Using Tweepy to pull data from Twitter (code inspired from LucidProgramming's repo: https://github.com/vprusso/youtube_tutorials/tree/master/twitter_python) and using BERT to predict daily sentiment for stocks. The idea is to create an ensemble of models where daily sentiment can be used as a predictor for stock price movement. There would be a component with twitter sentiment, political news sentiment, economic sentiment, financial sentiment, etc.
At the moment, using ~450'000 reviews from ~500 apps from the Google Play store to fine-tune BERT. The "star rating" of an app is useful as it allows to assign a sentiment to the review to train the model. Then will use this model on Twitter data.
Trained BERT model_2 on 450'000 Google Play reviews from 500 apps of all categories (Art & Design, Beauty, etc.). Trained for 10 epochs (17 hrs) on a single GPU to achieve 75% test accuracy.
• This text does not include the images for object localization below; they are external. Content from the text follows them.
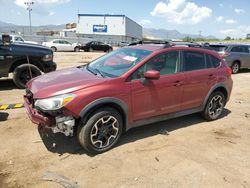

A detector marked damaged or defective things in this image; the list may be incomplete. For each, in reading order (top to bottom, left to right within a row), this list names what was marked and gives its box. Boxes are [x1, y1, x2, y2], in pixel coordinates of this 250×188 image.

damaged front bumper [24, 95, 77, 137]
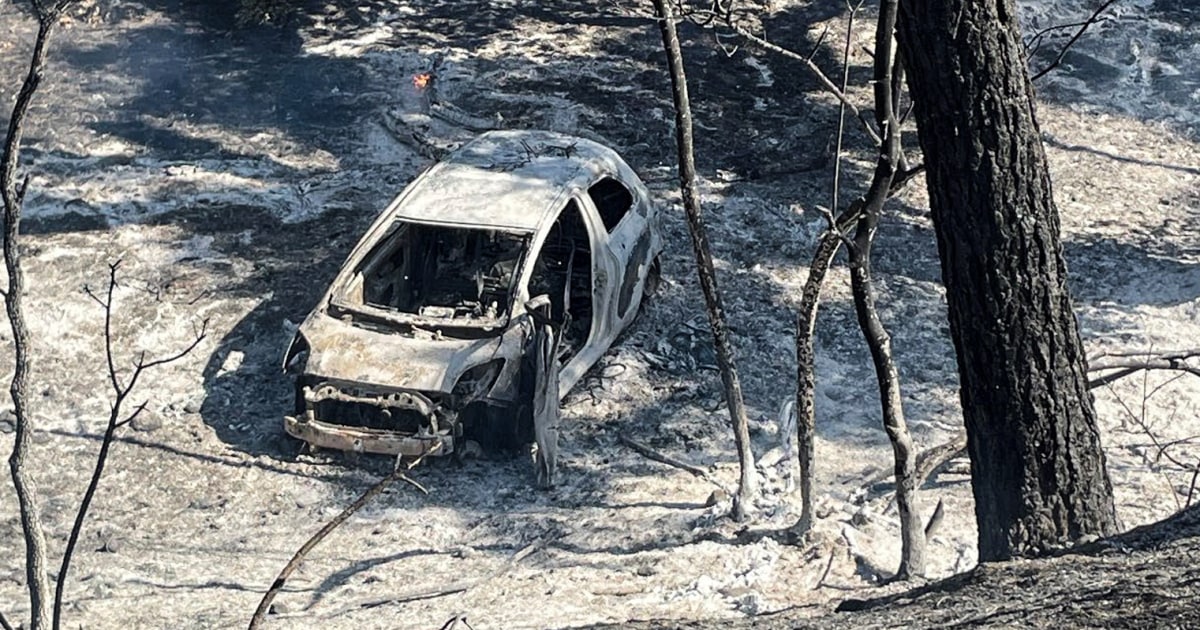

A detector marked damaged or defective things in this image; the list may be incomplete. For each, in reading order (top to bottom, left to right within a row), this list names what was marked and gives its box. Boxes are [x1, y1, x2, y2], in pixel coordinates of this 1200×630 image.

charred car body [282, 131, 667, 456]
burned car [286, 129, 672, 460]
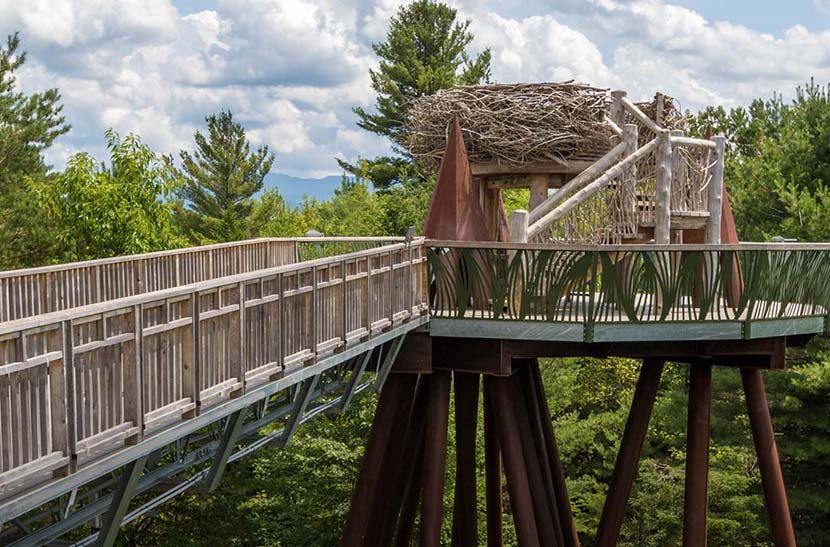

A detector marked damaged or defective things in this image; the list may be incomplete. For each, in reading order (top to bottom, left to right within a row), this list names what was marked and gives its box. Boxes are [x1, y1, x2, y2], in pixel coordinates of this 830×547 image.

rusty steel support leg [340, 374, 416, 544]
rusted steel column [342, 372, 420, 547]
rusted steel column [422, 372, 456, 547]
rusty steel support leg [422, 372, 456, 547]
rusted steel column [456, 372, 480, 547]
rusty steel support leg [456, 372, 480, 547]
rusty steel support leg [484, 378, 504, 544]
rusted steel column [484, 376, 504, 547]
rusty steel support leg [488, 376, 544, 547]
rusted steel column [490, 376, 544, 547]
rusted steel column [512, 366, 564, 544]
rusty steel support leg [512, 366, 564, 544]
rusty steel support leg [528, 362, 580, 544]
rusted steel column [532, 362, 580, 544]
rusted steel column [596, 360, 668, 547]
rusty steel support leg [596, 360, 668, 547]
rusted steel column [684, 364, 712, 547]
rusty steel support leg [684, 364, 716, 547]
rusted steel column [744, 370, 796, 544]
rusty steel support leg [748, 368, 800, 547]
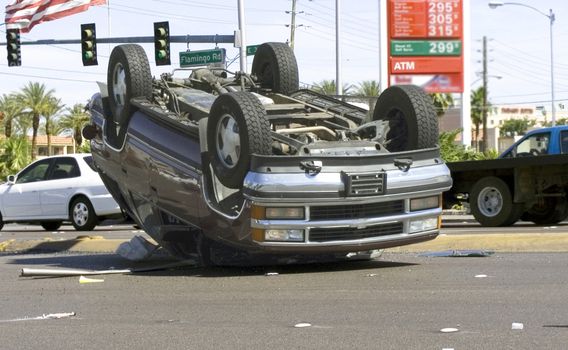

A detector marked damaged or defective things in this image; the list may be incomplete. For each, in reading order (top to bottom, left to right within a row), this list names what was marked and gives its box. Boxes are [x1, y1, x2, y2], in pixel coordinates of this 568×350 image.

overturned pickup truck [82, 41, 450, 266]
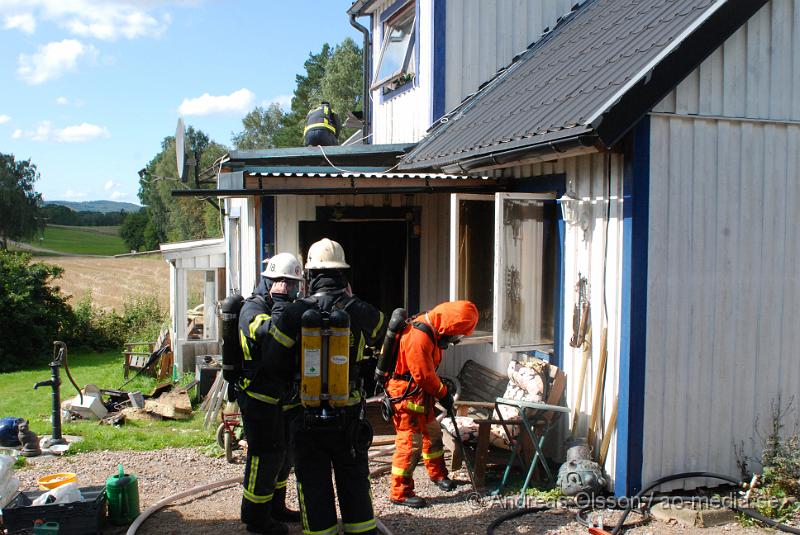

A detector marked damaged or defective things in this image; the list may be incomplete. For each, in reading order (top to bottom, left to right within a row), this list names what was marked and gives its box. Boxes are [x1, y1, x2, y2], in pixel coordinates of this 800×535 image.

broken window [372, 1, 416, 92]
broken window [450, 193, 556, 352]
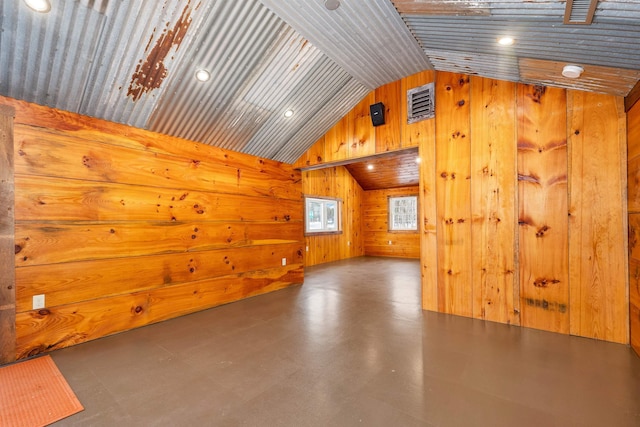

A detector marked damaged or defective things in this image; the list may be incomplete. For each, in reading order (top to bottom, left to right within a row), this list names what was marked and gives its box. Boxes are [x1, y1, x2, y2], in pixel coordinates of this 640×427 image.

rust stain on metal ceiling [124, 0, 196, 102]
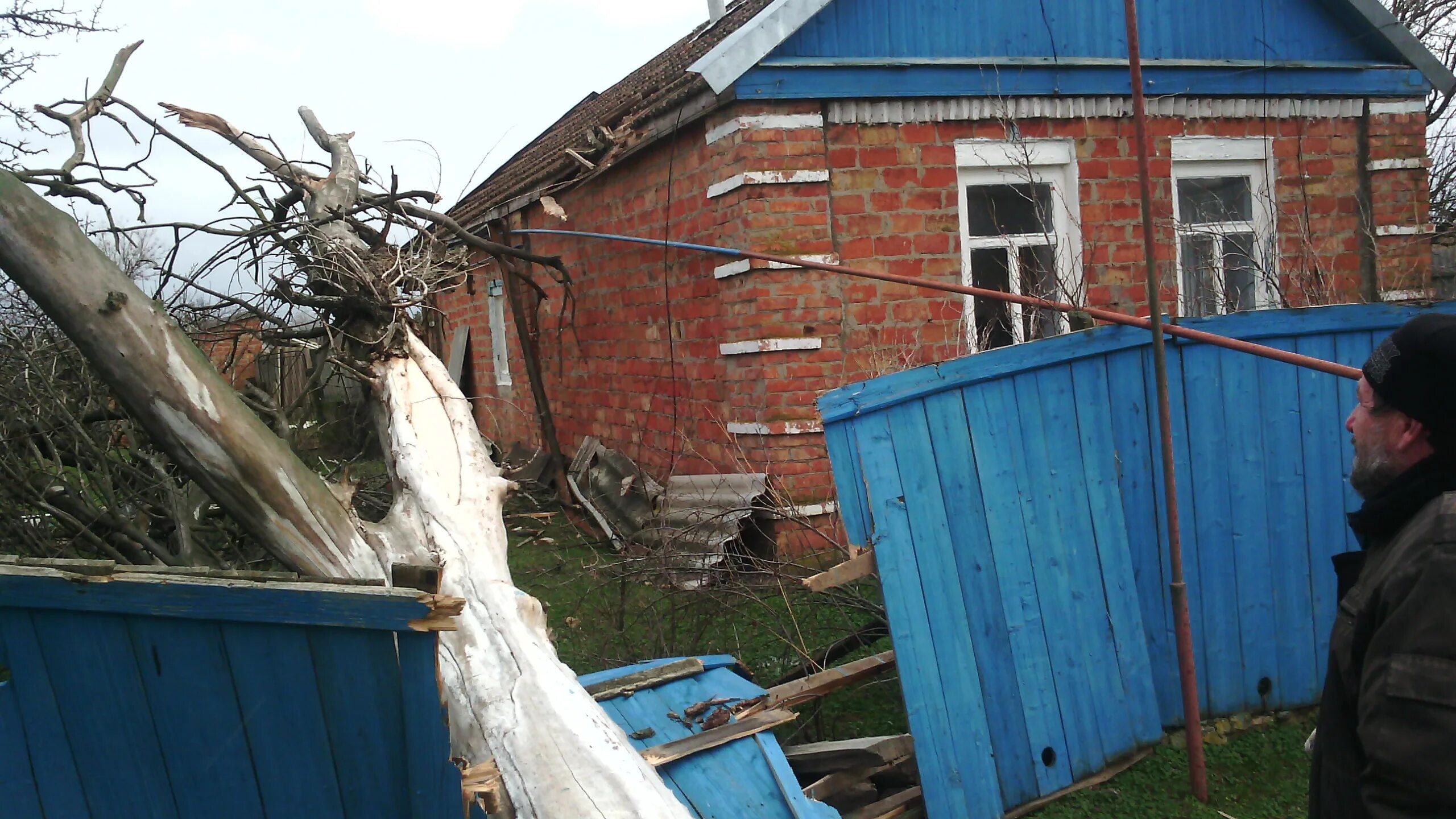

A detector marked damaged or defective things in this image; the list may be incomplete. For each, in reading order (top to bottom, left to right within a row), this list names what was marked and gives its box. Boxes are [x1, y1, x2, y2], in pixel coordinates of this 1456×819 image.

broken fence plank [804, 548, 879, 586]
broken fence plank [579, 652, 705, 699]
broken fence plank [757, 647, 891, 711]
broken fence plank [640, 708, 797, 763]
broken fence plank [786, 734, 908, 769]
broken fence plank [844, 781, 920, 816]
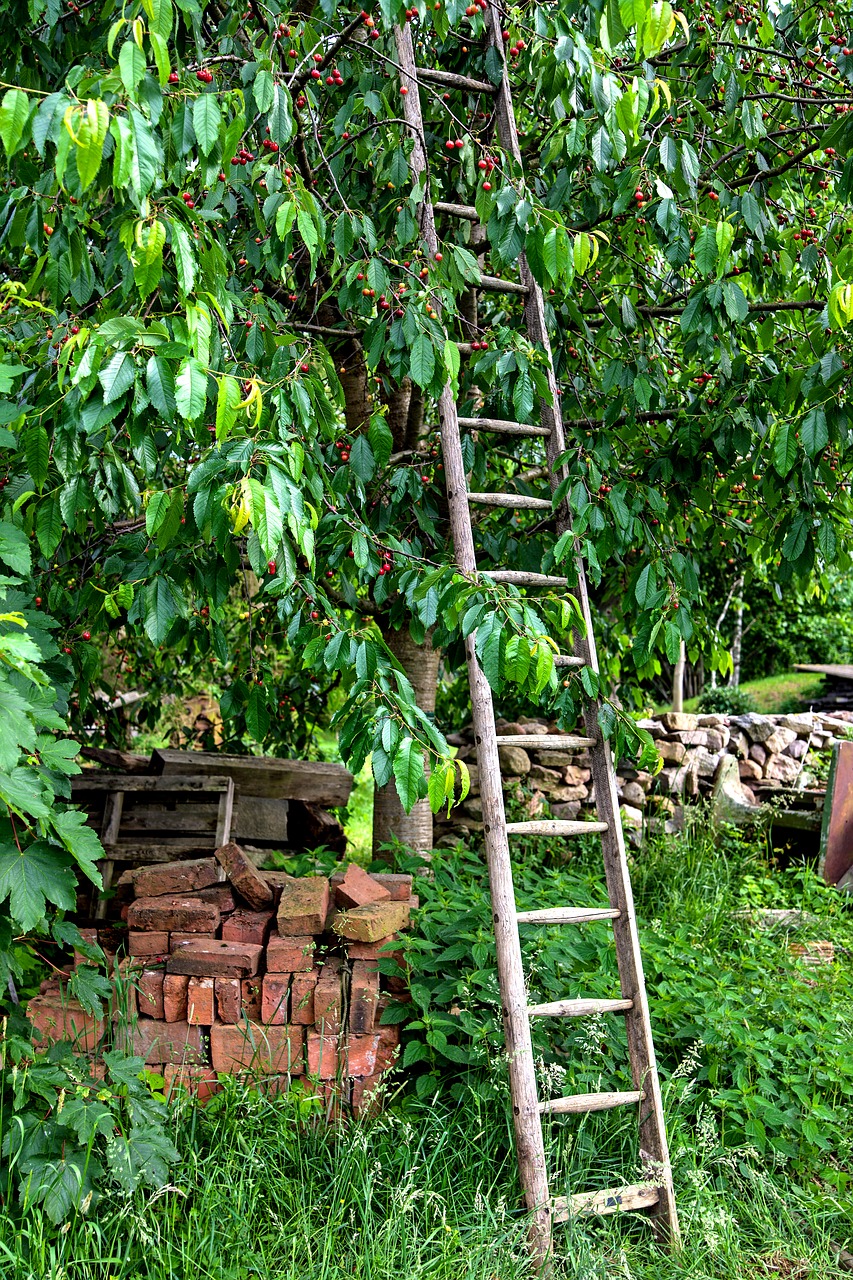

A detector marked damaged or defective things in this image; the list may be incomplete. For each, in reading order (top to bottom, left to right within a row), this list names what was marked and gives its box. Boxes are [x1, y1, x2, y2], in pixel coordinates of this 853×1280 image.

broken brick [128, 896, 220, 936]
broken brick [131, 860, 221, 900]
broken brick [166, 936, 260, 976]
broken brick [213, 840, 270, 912]
broken brick [220, 912, 272, 952]
broken brick [264, 928, 314, 968]
broken brick [276, 876, 330, 936]
broken brick [332, 860, 390, 912]
broken brick [332, 896, 408, 944]
broken brick [137, 968, 166, 1020]
broken brick [162, 976, 189, 1024]
broken brick [186, 976, 215, 1024]
broken brick [262, 976, 292, 1024]
broken brick [292, 968, 322, 1032]
broken brick [352, 960, 382, 1040]
broken brick [209, 1024, 302, 1072]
This is worse than model_1 (84% test acc) trained for 10 epochs (1 hr) on 15'000 reviews. However, the issue of val loss increasing with val acc has been resolved and is probably due to the increase in the val dataset size. For the next round of training, will train model_1 for more epochs on the small dataset and compare to training model_2 on the larger dataset for the same number of epochs while resorting to using at least 4 GPUs this time.
Need to decide what strategy to adopt. First will try targeting a single stock, pull tweets with the appropriate hashtag and build the stock prediction model. Then will try to broaden the scope and target an index using tweets from its components (e.g. NASDAQ -> APPL, GOOG, etc.). Finally will try to build sentiment indexes for the political mood, economic mood, etc.